Le droit d’accès direct au dossier médical institué par la loi du 4 mars 2002 est exercé, pour l’accès aux informations médicales relatives à un mineur, par les titulaires de l’autorité
parentale, par l’intermédiaire d’un médecin. Cependant, si ce mineur s’est opposé à ce que ces derniers soient informés de son état de santé, ils ne pourront avoir accès au dossier médical, sauf
au mineur à lever cette opposition.

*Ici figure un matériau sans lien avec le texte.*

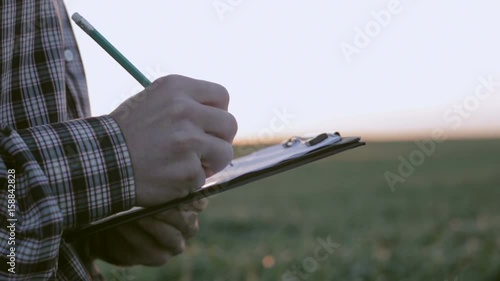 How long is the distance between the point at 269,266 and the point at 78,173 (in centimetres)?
233

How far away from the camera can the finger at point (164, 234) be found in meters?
1.38

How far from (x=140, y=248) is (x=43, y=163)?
0.43 meters

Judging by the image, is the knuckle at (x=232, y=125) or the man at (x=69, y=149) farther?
the knuckle at (x=232, y=125)

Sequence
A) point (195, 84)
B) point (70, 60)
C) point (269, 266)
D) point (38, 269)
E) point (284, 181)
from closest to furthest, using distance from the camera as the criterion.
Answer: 1. point (38, 269)
2. point (195, 84)
3. point (70, 60)
4. point (269, 266)
5. point (284, 181)

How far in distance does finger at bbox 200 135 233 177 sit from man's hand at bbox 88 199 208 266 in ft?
0.82

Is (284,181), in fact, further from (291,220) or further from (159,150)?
→ (159,150)

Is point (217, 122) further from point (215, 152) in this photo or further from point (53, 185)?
point (53, 185)

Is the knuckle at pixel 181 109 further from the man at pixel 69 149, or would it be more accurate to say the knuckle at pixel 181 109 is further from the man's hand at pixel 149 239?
the man's hand at pixel 149 239

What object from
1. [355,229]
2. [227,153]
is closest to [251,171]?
[227,153]

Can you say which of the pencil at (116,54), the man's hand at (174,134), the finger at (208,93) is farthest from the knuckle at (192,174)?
the pencil at (116,54)

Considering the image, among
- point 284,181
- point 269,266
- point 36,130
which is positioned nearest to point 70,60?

Soulignons que le mineur n’a pas d’accès direct à son dossier médical.
Décision de la CADA
Mr B.
a saisi la CADA suite au refus opposé par un établissement hospitalier à sa demande de copie des pièces du dossier médical de sa fille, âgée de 14 ans. La CADA rappelle les principes posés par la
loi du 4 mars 2002. Pour la commission le mineur ne peut former opposition à la communication de son dossier médical aux titulaires de l'autorité parentale que dans le
cas où les soins qu'il a reçus ont été dispensés sans leur consentement ou à leur insu. .Un simple désaccord entre les titulaires de l'autorité parentale ou entre le mineur et l'un des titulaires de l'autorité parentale ne saurait justifier, par lui-même, un refus
de communication. Par suite, un établissement de santé n'est pas fondé à prendre contact avec un mineur pour obtenir son consentement à la communication du dossier médical si le traitement ou
l'intervention en cause n'avait pas été réalisé à l'insu des parents.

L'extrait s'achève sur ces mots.